Senapati Tapan, Chen Guiyun, Ullah Ikhtesham, Khan Muhammad Sajjad Ali, Hussain Fawad
School of Mathematics and Statistics, Southwest University, Beibei, 400715, Chongqing, China.
Department of Mathematics, Abbottabad University of Science and Technology, Abbottabad, Khyber Pakhtunkhwa, 22500, Pakistan.
Heliyon. 2024 Mar 16;10(6):e27969. doi: 10.1016/j.heliyon.2024.e27969. eCollection 2024 Mar 30.
When dealing with real-life problems, the q-rung orthopair fuzzy set is a core concept because the power of the membership and non-membership degrees is less than or equal to one. The process of selecting and evaluating alternatives based on several criteria or characteristics is known as multi-attribute decision-making (MADM) problems. The overview of the attribute values is a significant problem in MADM. It must be done in an accurate, consistent, and meaningful way. -rung orthopair fuzzy numbers (-ROFNs) are more flexible and powerful for representing uncertain or fuzzy information than other fuzzy number systems such as intuitionistic fuzzy numbers or Pythagorean fuzzy numbers. The paper introduces a new operator within the q-ROF framework or environment. This operator combines the characteristics of Dombi and Archimedean operations. These two operations likely have defined rules and properties within the q-ROF environment. The paper then proceeds to propose some weighted aggregation operators (AOs) based on the Dombi and Archimedean operations under q-ROF. These weighted AOs are likely used for combining or aggregating multiple attributes or criteria in decision-making processes. The paper explores the properties of these operators, which could include aspects like monotonicity, idempotence, or other desirable mathematical properties. Furthermore, the paper emphasizes applying the proposed operators within the q-ROF environment to MADM. This suggests that operators may be used in decision-making scenarios involving multiple attributes or criteria. The paper provides a procedure or methodology for applying the proposed operators in such decision-making processes. Lastly, the paper presents a practical example related to human resource selection. It demonstrates how the suggested strategy can be employed in real-world scenarios with its decision steps and the new operator. The example aims to demonstrate the viability and efficacy of the suggested strategy in solving decision-making problems related to human resource selection.

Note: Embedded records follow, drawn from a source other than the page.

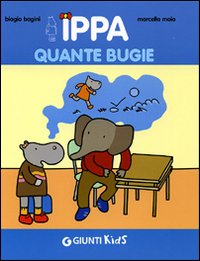 Ippa quante bugie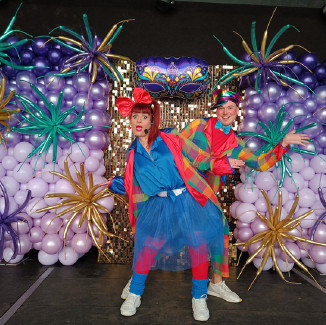 gymkana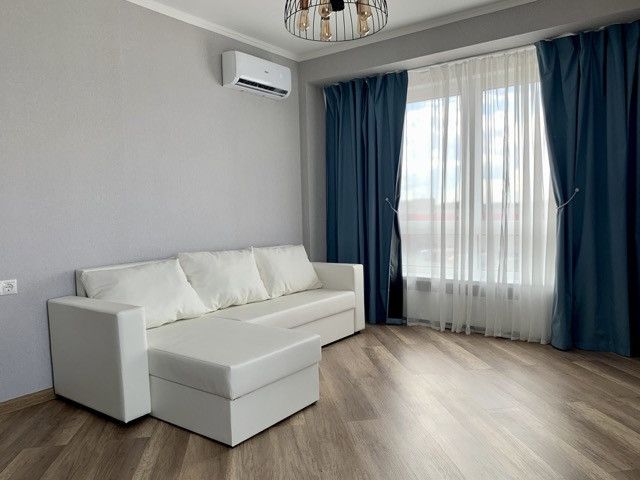 Продаётся студия, 30 м²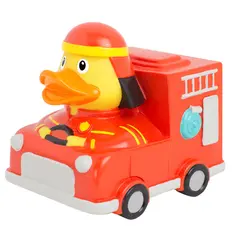 FIRE CAR DUCK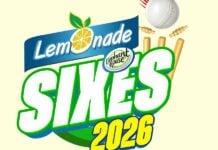 Reviving an Iconic School Cricket Tradition: Elephant House Lemonade Sixes Returns Elephant House Lemonade Sixes 2026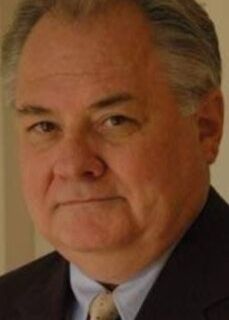 Джон П. Коннолли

在处理现实生活中的问题时,q阶正交对模糊集是一个核心概念,因为隶属度和非隶属度的幂小于或等于1。基于多个准则或特征选择和评估备选方案的过程被称为多属性决策(MADM)问题。属性值的概述是MADM中的一个重要问题。必须以准确、一致且有意义的方式进行。与直觉模糊数或毕达哥拉斯模糊数等其他模糊数系统相比,q阶正交对模糊数(q-ROFNs)在表示不确定或模糊信息方面更加灵活和强大。本文在q-ROF框架或环境中引入了一种新算子。该算子结合了Dombi运算和阿基米德运算的特征。这两种运算可能在q-ROF环境中有已定义的规则和性质。然后本文基于q-ROF下的Dombi运算和阿基米德运算提出了一些加权聚合算子(AO)。这些加权AO可能用于在决策过程中组合或聚合多个属性或准则。本文探讨了这些算子的性质,其中可能包括单调性、幂等性或其他理想的数学性质等方面。此外,本文强调将所提出的算子在q-ROF环境中应用于MADM。这表明这些算子可用于涉及多个属性或准则的决策场景。本文提供了在这种决策过程中应用所提出算子的程序或方法。最后,本文给出了一个与人力资源选拔相关的实际例子。它展示了所建议的策略及其决策步骤和新算子如何在实际场景中应用。该例子旨在证明所建议策略在解决与人力资源选拔相关的决策问题中的可行性和有效性。